Vendredi 8 février 2019, Alain Juppé, maire de Bordeaux, a décidé de suivre la demande du Rassemblement National et de renoncer à nommer une ruelle au nom du grand penseur et psychiatre anti-colonial, Frantz Fanon.

Alain Juppé maire de Bordeaux ne nommera pas une ruelle du nouveau quartier de la ville du nom du penseur martiniquais Frantz Fanon. Il s’explique en ces mots : « La dénomination des voies de notre commune doit être l’occasion de rendre hommage à des personnalités qui incarnent des valeurs partagées […] Aujourd’hui, le choix du nom de Frantz Fanon suscite des incompréhensions, des polémiques, des oppositions que je peux comprendre. Dans un souci d’apaisement, j’ai donc décidé de surseoir à cette proposition ».
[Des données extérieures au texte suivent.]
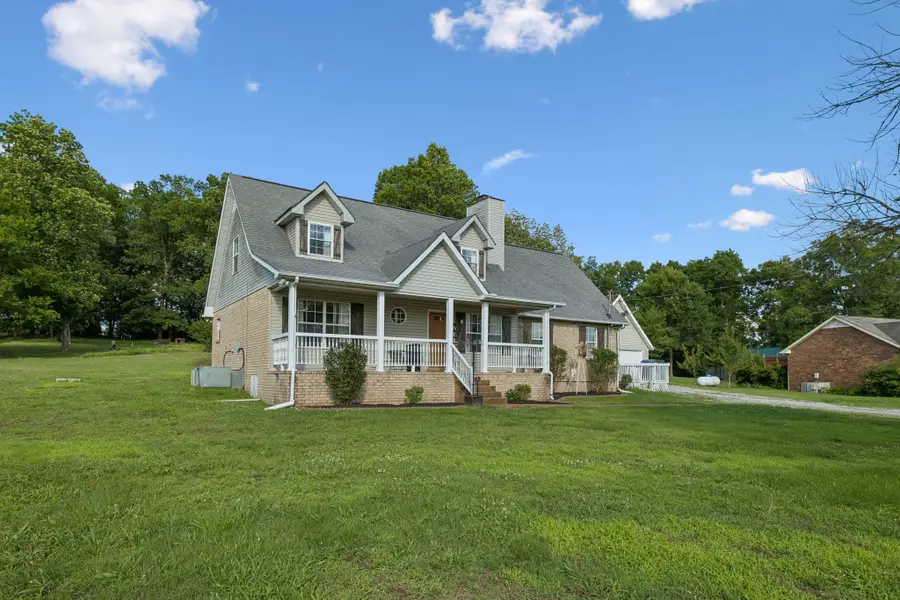 636 Shelley Dr, Mount Juliet, TN 37122 - #3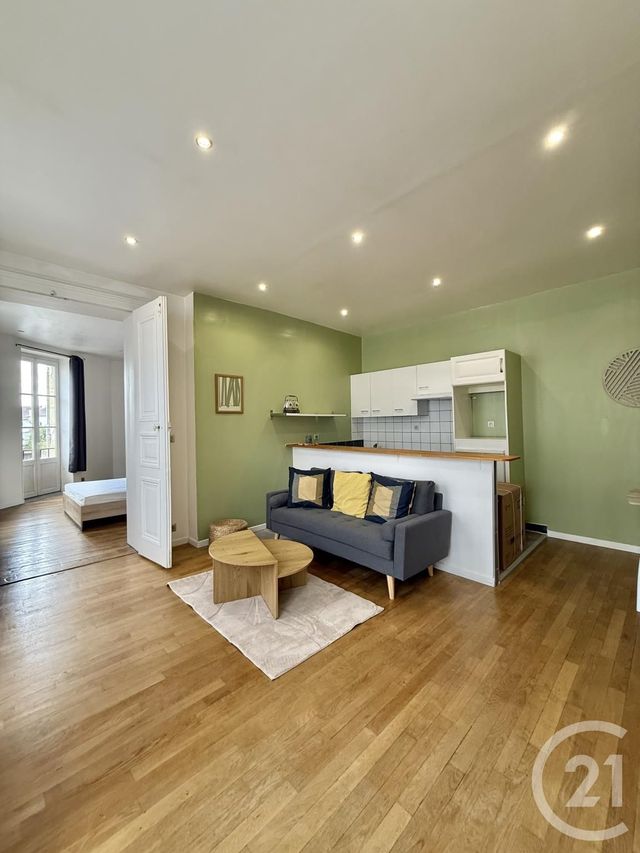 Appartement F2 &agrave; louer - 2 pi&egrave;ces - 48,39 m2 - Moulins - 03 - AUVERGNE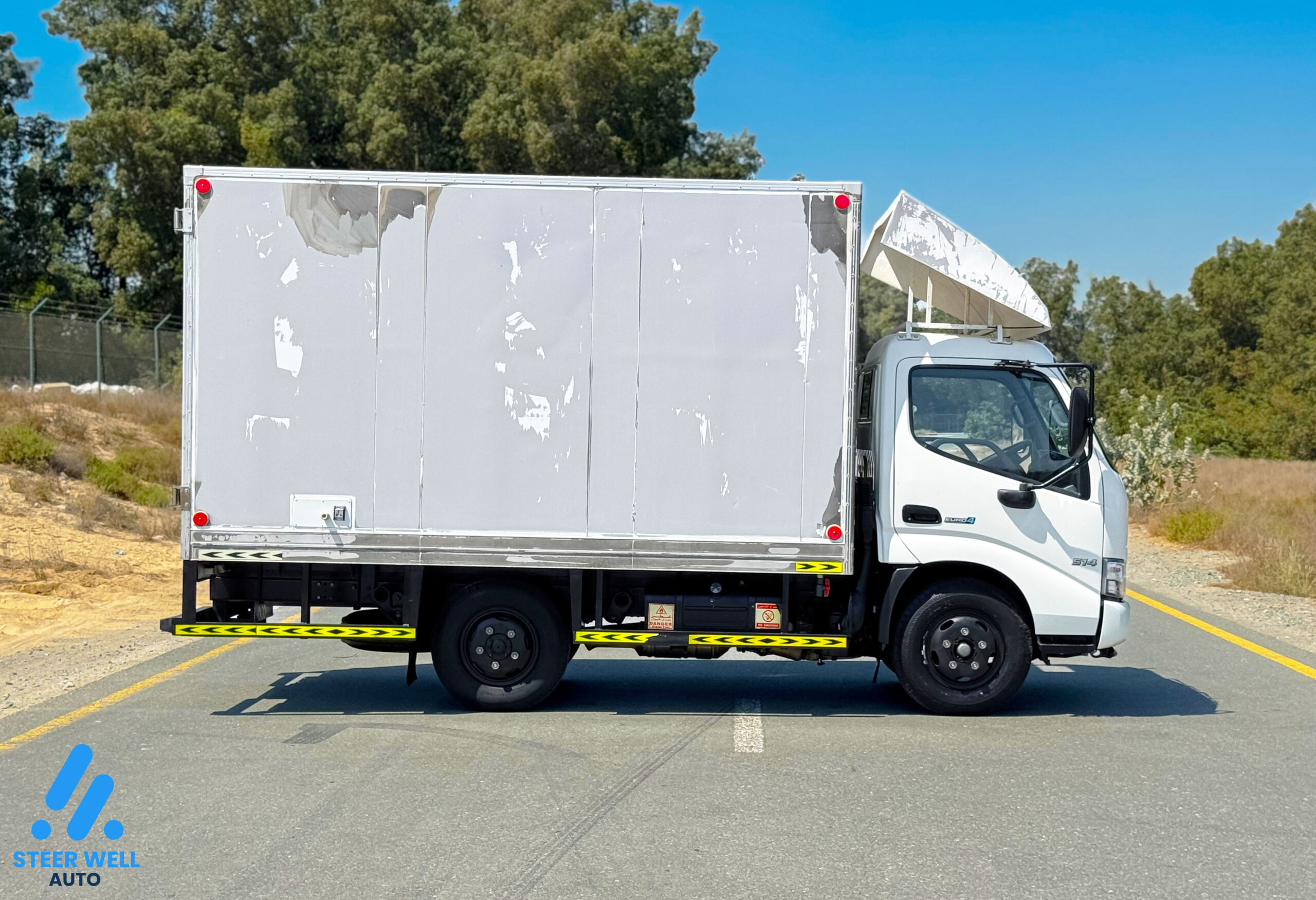 2022 Hino 300 Pick Up with Close Box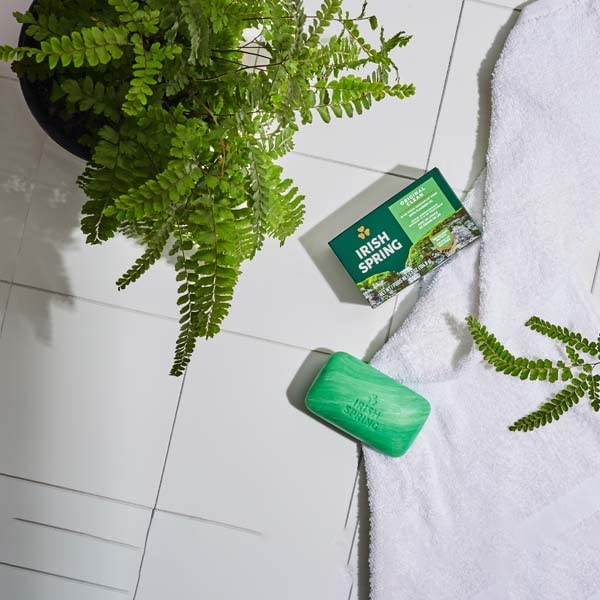 Irish Spring Original soap bar pack image 3 ready-to-use bars for morning routines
LE MAIRE CÈDE AU RASSEMBLEMENT NATIONAL

Frantz FANON est considéré dans le monde entier et surtout aux Etats-Unis.

« Frantz Fanon est une figure centrale des études culturelles, postcoloniales et afro-américaines, que ce soit aux États-Unis, en Afrique ou en Europe.
Historiquement, on pourrait comprendre cette influence à l’aube de la pensée révolutionnaire : que ce soit celle de Fidel Castro ou Che Guevara ; ou celles des leaders noirs comme Stockley Carmichael, Malcom X ou Amilcar Cabral.
Les positions de Sartre notamment – mais aussi celles de Simone de Beauvoir – ainsi que ses écrits, ont permis de propager et familiariser l’intelligentsia européenne et – grâce à ses voyages – cubaines, chinoises, brésiliennes, aux idées fanoniennes. »
explique Khedidja Guesraoui, étudiante en Sciences Politiques à l’Université Paris Vincennes.
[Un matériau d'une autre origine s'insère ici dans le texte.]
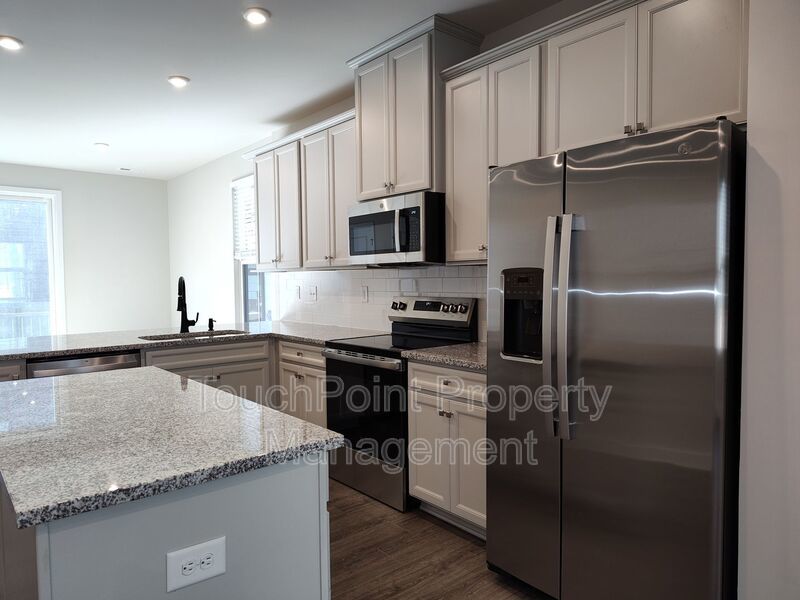 New Build Townhome located in the Southrail Station! property image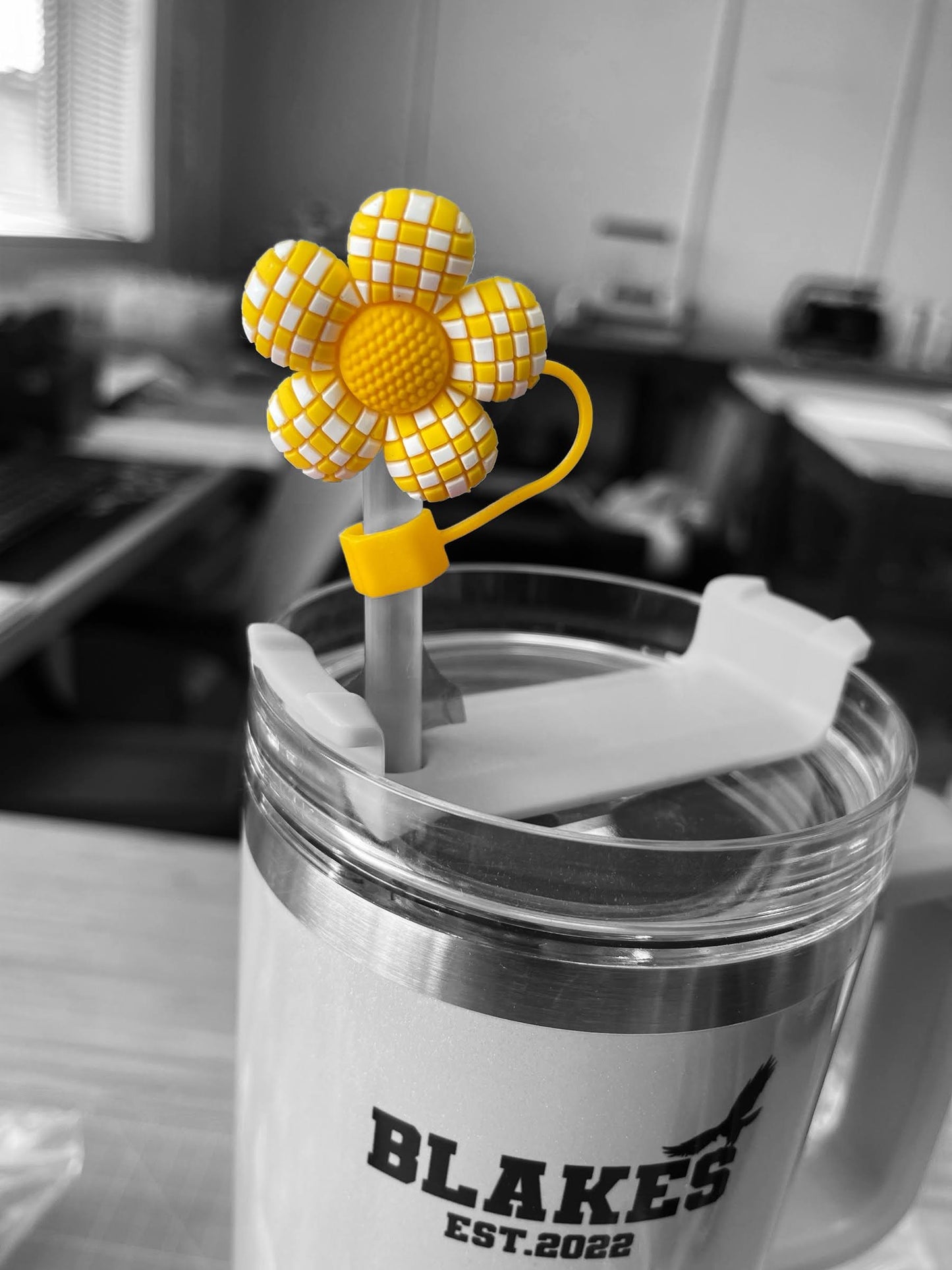 Flower Straw topper cover for 40oz Quencher tumbler. Fits Stanley V1 and H2.0 and all Dupes (Copy)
Pourtant, Frantz Fanon peine à s’imposer en France. Il lui est reproché ses liens avec le Front de Libération National, lors de la guerre d’indépendance de l’Algérie. En effet le Martiniquais a très vite rejoint le peuple algérien dans sa quête de liberté. Il publie quelques jours avant sa mort l’ouvrage Les Damnés de la terre (1961), où il analyse, entre autres, l’aliénation des colonisés. Pourtant en France, il est plus que contesté et pour François Jay, conseiller Rassemblement National de Bordeaux, son « titre de gloire est d’avoir soutenu le terrorisme algérien ». Un avis partagé par le président du Cercle Algerianiste de France, qui dans son communiqué, voit chez Fanon « La justification du terrorisme et l’assassinat des Français d’Algérie ».

Alain Juppé a donc choisi de céder à une pression issue de mouvance d’Extrême droite et de priver les population afro-descendantes et algériennes d’une ruelle au nom d’un homme qui peut les rendre fiers.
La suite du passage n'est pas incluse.